Non mi è piaciuta la rivendicazione sindacale di Giorgio nei confronti dei suoi editori. Mi è sembrata una forzatura, come un trascinamento delle vicende sindacali dei giornalisti nazionali trasportate a forza in vicende locali che niente hanno a che vedere con quelle rivendicazioni.
Giorgio parla di precarietà e di lavoro intellettuale sottopagato come se non fosse consapevole che se un prodotto come “Il Vicino” non fosse portato avanti in forma “precaria” non sarebbe mai stato stampato.
Con quale forza economica un editore che fa una free-press locale che sopravvive pareggiando i conti (spero per loro) può garantire un contratto non precario ai suoi collaboratori?

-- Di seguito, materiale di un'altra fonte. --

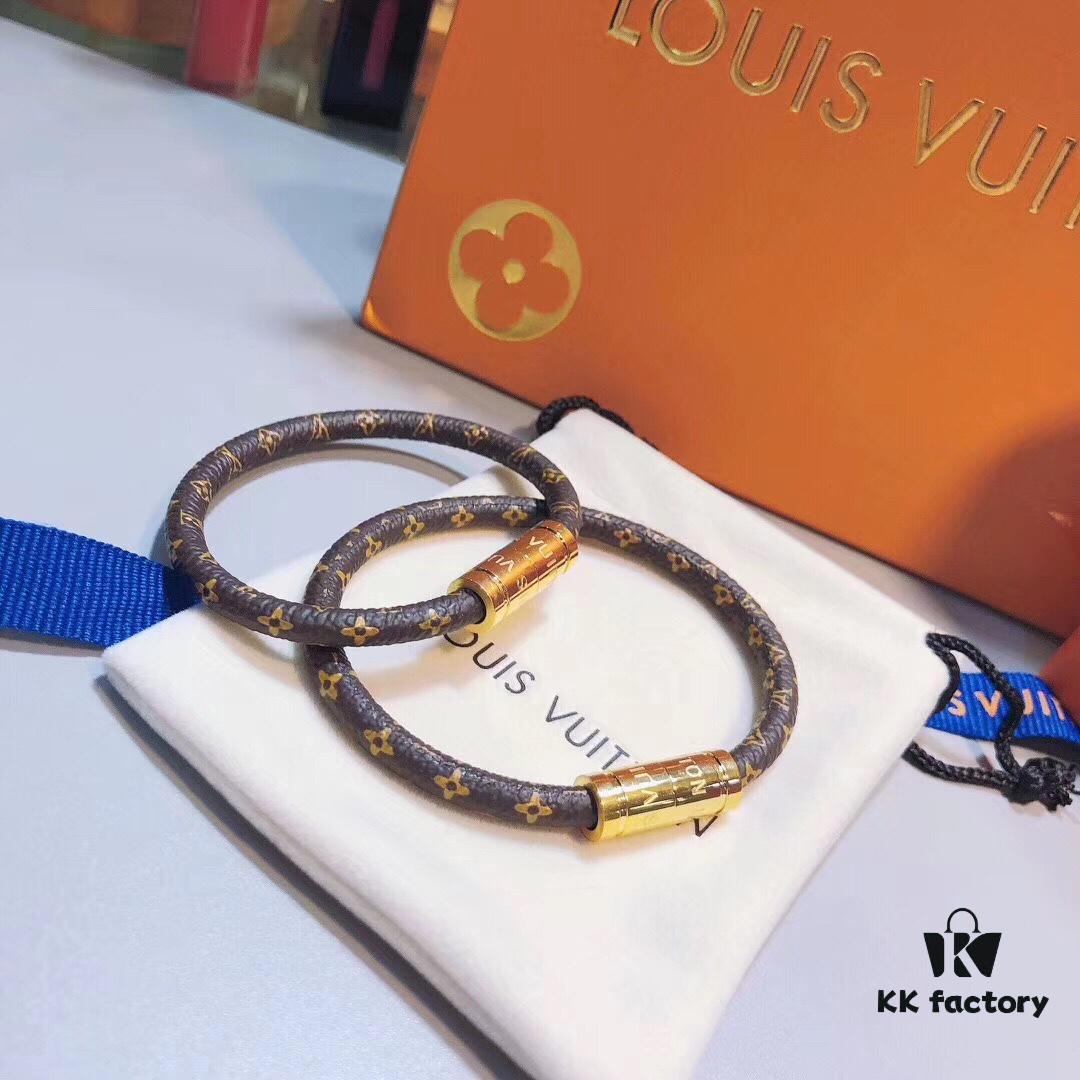 LV Monogram Couple's Magnetic Clasp Leather Bracelet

A livello nazionale ha ragione. Basti pensare a come sono trattati economicamente molti corrispondenti locali dei quotidiani cartacei. Ma a livello locale le cose sono e debbono essere diverse, altrimenti si fa lo stesso errore di confondere il dipendente metalmeccanico della Fiat con l’unico dipendente metalmeccanico della mia officina meccanica. A mio avviso questo è l’errore dei sindacati (perlomeno da quando li conosco io). La difesa corporativa a prescindere dal contesto.

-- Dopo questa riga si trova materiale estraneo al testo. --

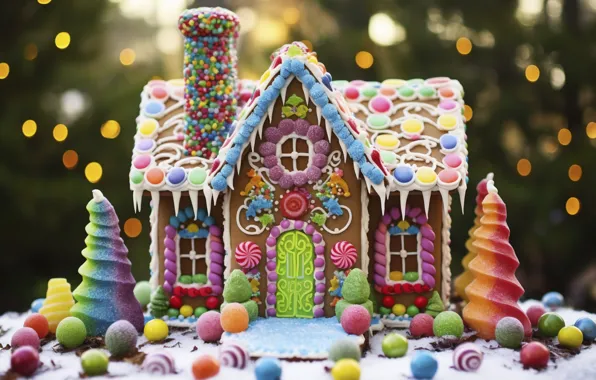 Roof, snow, lights, icicles, cookies, Christmas, candy, sweets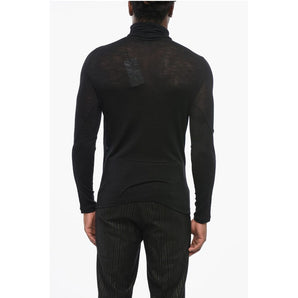 Saint Laurent Extrafine Stretch Wool Sweater with Turtleneck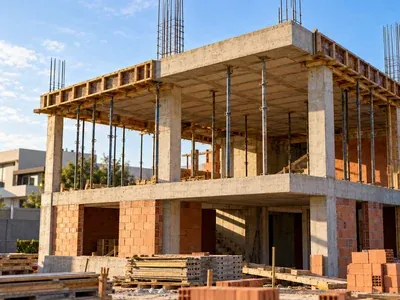 Casa em construção com estrutura de concreto e pilhas de tijolos, representando o consórcio para construção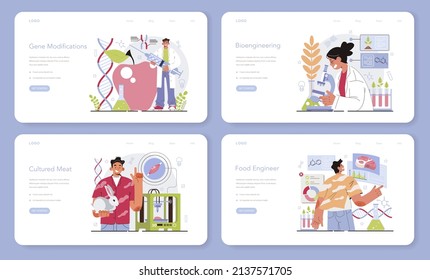 Bioengineering web banner or landing page set. Biotechnology for food engineering. Scientist study, modify and control biological systems. Cultured meat and vegetables. Flat vector illustration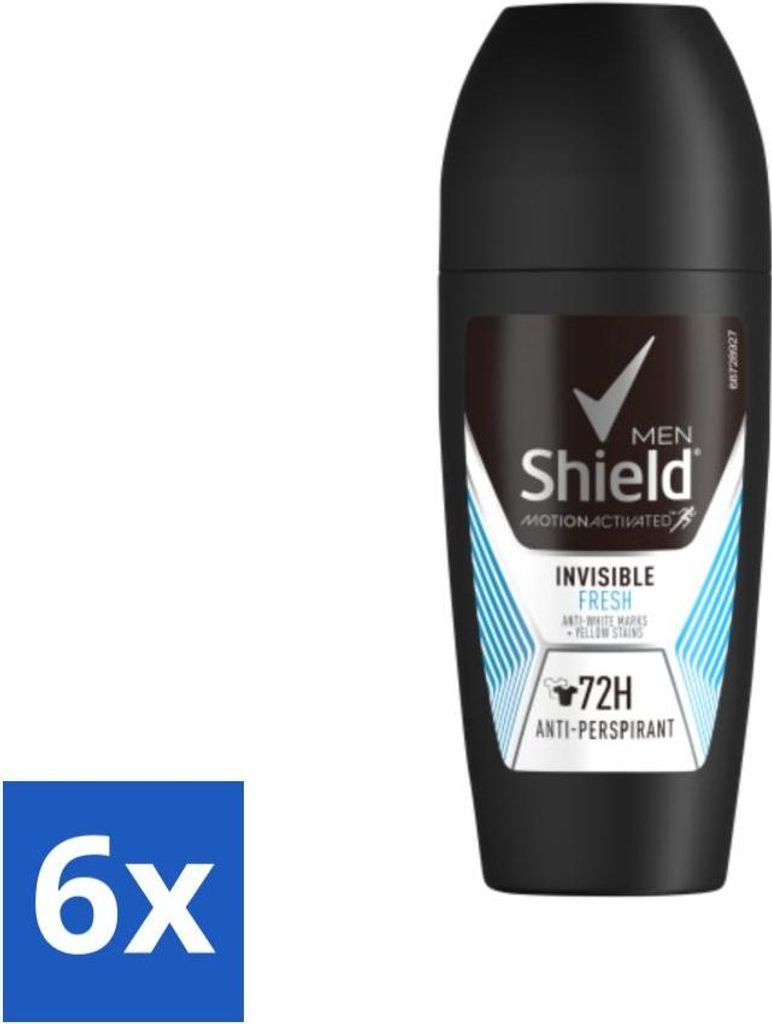 Rexona Men - Invisible Fresh - Deo Roll-on - Antitranspirant - 50 ml - Vorteilspack - 6 Stücke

Non dico che il meccanico di Mirafiori debba essere tutelato in maniera diversa dal meccanico di Ciconia, ma i due meccanici operano e vivono in contesti ambientali, sociali e economici completamente diversi e di questo si dovrebbe tener conto. Non sono diventato leghista, ma realista.
Non credo nella flessibilità (precarietà) del lavoro, ma nella flessibilità dei contratti di lavoro, che è tutta un’altra cosa (magari se ne parlerà in un’altra occasione).
Ma torniamo a “Il Vicino”.
Il secondo motivo di disappunto è su questo passaggio di Giorgio:
“Ma ci vuole coraggio. E non è la censura esercitata da terzi, da pressioni politiche od economiche a dover preoccupare (e che comunque esiste), ma quella esercitata dagli stessi operatori dell’informazione e dagli editori che molte, troppe volte si auto-censurano per campare tranquilli. C’è chi è costretto a non scontentare nessuno per acquisire pubblicità; chi è costretto dai tempi dell’informazione quotidiana a dare più spazio (giustamente) alla cronaca e meno spazio all’approfondimento e all’inchiesta; chi, da editore non puro, si sente in obbligo di fare informazione “morbida” perché altrimenti la propria azienda corre dei rischi.”
Questo è un discorso vecchio come il cucco (si dice dalle mie parti) e un falso problema. E’ chiaro che stare sul mercato significa scendere a compromessi. Gli editori non si auto-censurano, ma fanno delle scelte editoriali.
Non servono giornali “puri” non vincolati a qualcosa o a qualcuno, politica, economia, religione.
Servono pluralismi.
Servono più opportunità.
D’altra parte chi dovrebbe essere il garante di questa purezza? E il controllore? E chi è che si sente puro e libero, non vincolato a nessuno?
E’ per questo che dopo che ci si è abituati a internet non se ne può più fare a meno. Perché su internet si hanno infinite opportunità e quindi si ha la più grande libertà di informazione che sia mai esistita. Si può leggere la stessa notizia da decine di fonti diverse. Così non è importante sapere se quell’autore o quell’altro hanno dei vincoli con qualcosa o qualcuno. Si possono vedere molti punti di vista dello stesso problema e poi trarne le personali conclusioni. E’ l’apoteosi del pluralismo e della libertà. E’ per questo che fa paura a molti, come a alcuni dei nostri politici, purtroppo.
Ma tornando all’editoria tradizionale (carta, televisione) non servono editori liberi, ma servono più editori. E non servono giornalisti liberi, ma più giornalisti capaci.
Sta ai legislatori governare questi processi, non censurando, ma aprendo la strada alle opportunità facendo funzionare veramente le leggi antitrust e facendo delle nuove leggi realistiche che aiutino tutti gli attori dell’informazione, e non i soliti noti.
Insomma, se gli investitori del “Il Vicino” fossero in maggioranza le concessionarie automobilistiche, si potrebbe pretendere che il mensile portasse avanti una campagna contro l’uso dell’automobile a vantaggio delle biciclette?
Questa sarebbe la libertà a cui si pensa?
Non credo. Io voglio essere libero di leggere più cose, non di leggere un giornale il cui direttore si proclama “libero”.